Al Jean, the long-time executive producer and showrunner for “The Simpsons,” can list, with regret, every instance in which his long-running show has recycled jokes. “Idol” producers should try to have the same institutional memory to avoid reusing gags.
Who did I like?
I don’t know if anybody was better than Melinda Camille, whose stated goal is “To uplift humanity to a place of love and positivity.” That was all fine and well, but she probably shouldn’t have written down “dancing naked” as one of her interests. No, she doesn’t dance naked like Nikki McKibbin used to dance naked, but sometimes the spirit just moves Melinda and she strips and prances in the privacy of her own home. Good for her!
Once you put that on your application, you invite Simon Cowell to ask if you want to be a nudist and you invite pervs like Kara DioGuardi to ask things like, “Do you wish you could be naked right now?” When Paula Abdul [ALLEGEDLY] says [ALLEGEDLY] things like that [ALLEGEDLY] to contestants, it becomes a lawsuit, but Kara’s new and Melinda asked for it.
Kara also sounded pretty dumb when she criticized Jorge Nunez of Puerto Rico for having pronunciation issues when he sang in English, forcing Simon to declare, “We’re here because we wanted to find someone who sings with an accent. Otherwise, we’d go to Omaha.”

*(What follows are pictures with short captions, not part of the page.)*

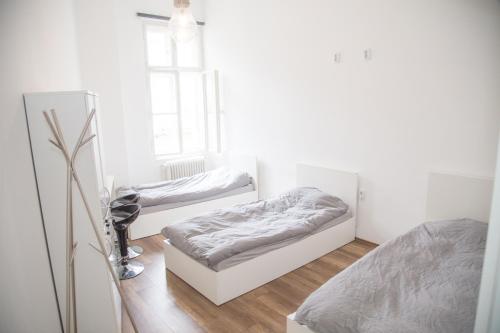 a bedroom with two beds and a window at Lovecroatia Zagreb - 'Pax nest' in Zagreb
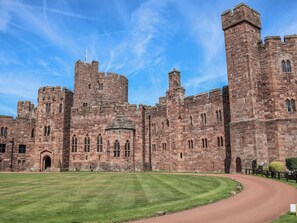 A large historic stone castle with multiple towers and arched windows. - 1 Fountain Cottages (Tarporley)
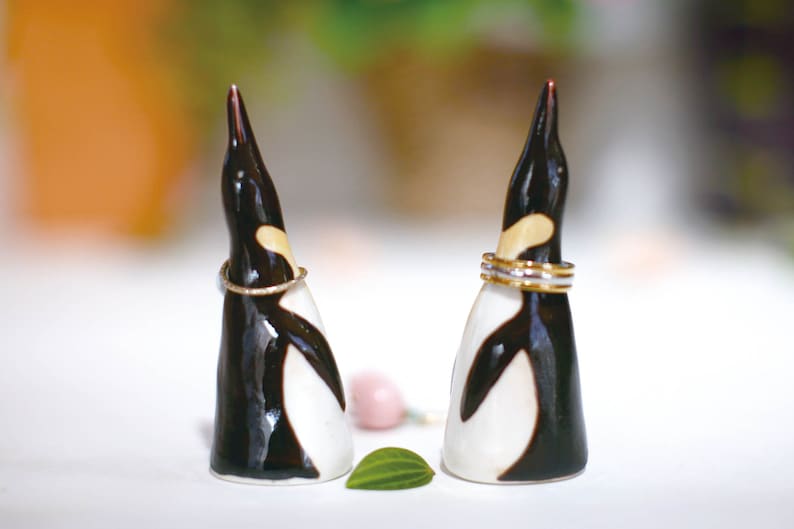 May include: Two black and white ceramic penguin ring holders with gold bands around their necks. The penguins are facing each other and are on a white surface.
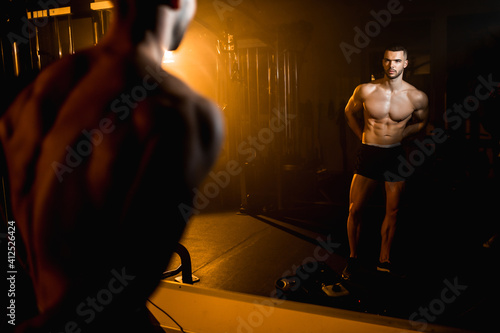 Muscular athlete posing in front of the mirror in the gym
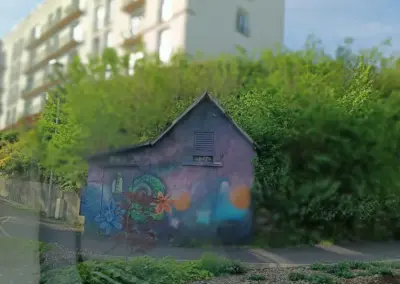 aus dem Auto ein Graffiti von einem kleinen Häuschen für Elektrik mit Blumenmotiven in Morlaix fotografiert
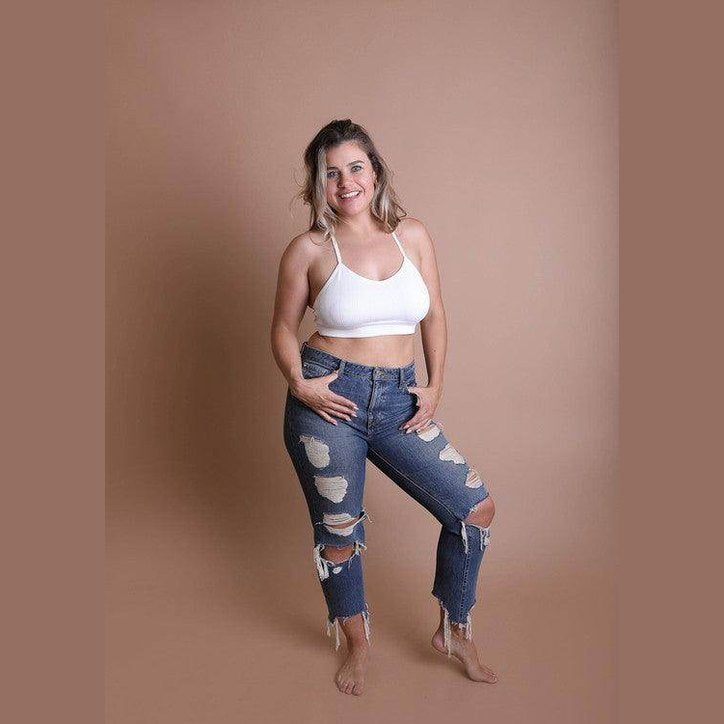 Plus size model wearing a white racerback bralette plus size with distressed jeans for a trendy look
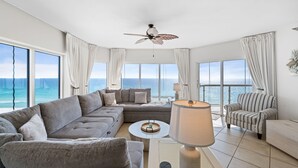 A modern living room with a large sofa, a striped armchair, and a coffee table. There is a ceiling fan and a view of the ocean through large windows. - Breathtaking Gulf Views! Community Pool! Steps to the Gulf! (Pensacola Beach)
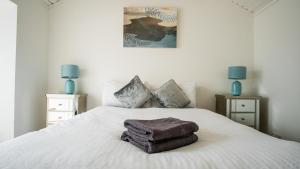 a bedroom with a bed with two towels on it at Liberty Townhouses in Dublin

It’s here that Omaha is all, “Ummm… You had auditions in Omaha last year. We gave you ‘American Idol’ winner David Cook. What does Puerto Rico have to compete with that?”

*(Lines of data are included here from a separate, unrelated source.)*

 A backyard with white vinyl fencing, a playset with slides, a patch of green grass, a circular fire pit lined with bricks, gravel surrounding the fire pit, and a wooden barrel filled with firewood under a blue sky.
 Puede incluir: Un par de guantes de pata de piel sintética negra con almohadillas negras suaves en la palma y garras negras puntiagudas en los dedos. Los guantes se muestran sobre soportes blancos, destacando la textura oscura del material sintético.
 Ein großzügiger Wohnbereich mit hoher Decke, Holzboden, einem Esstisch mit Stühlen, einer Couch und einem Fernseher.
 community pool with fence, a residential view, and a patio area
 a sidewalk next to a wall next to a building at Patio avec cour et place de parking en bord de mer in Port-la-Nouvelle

Well, Puerto Rico gave us “American Idol” Living Prop winner Christopher Torres, a precocious nine-year-old who did such a good job of pimping for his 16-year-old sister Monique that when she sang at least two of the judges were able to ignore that while her voice is pure and sweet, it’s also unformed and without an iota of tone or emotion or texture. She got through to Hollywood by using her younger brother in the same way Pedro Martinez used Nelson De La Roca.

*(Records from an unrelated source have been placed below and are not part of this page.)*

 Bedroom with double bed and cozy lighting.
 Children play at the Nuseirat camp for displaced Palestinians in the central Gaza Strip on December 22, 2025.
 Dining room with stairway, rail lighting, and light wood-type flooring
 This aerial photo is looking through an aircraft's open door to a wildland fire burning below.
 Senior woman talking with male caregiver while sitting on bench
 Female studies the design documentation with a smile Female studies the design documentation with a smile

Monique only got two yes votes and still advanced, but even some of the people who had unanimous support weren’t very good. How did fidgety, insincere wedding singer Jackie Tohn get a Golden Ticket? She was bad *and* she karmically caused the glare shield on the window in come crashing down mid-shot. I thought Jackie was every bit as bad as former World’s Prettiest Baby Jessika Baier, still infantilizing herself at 20. Jessika got the beat-down from the judges and left angry and outraged, but as much as she deserved the criticism, I could imagine people coddling that girl and her voice.
The episode included two clowns.
Puerto Rican Crazy Rocker Joel Contreras dressed up as an iPod (or “GuyPod”), then quick-changed into a Superman costume and cannonballed into the pool. Nobody took him seriously and he was sent home.
New Yorker Nick “Norman Gentle” Mitchell made lots of weird faces, threw himself onto the floor, engaged in homoerotic banter with Simon and three of the judges took him seriously and he was sent to Hollywood.
I don’t get it.
But at least now… On to Hollywood! Let the fun begin, “Idol.” PLEASE?
Did y’all find anybody to like in New York or Puerto Rico?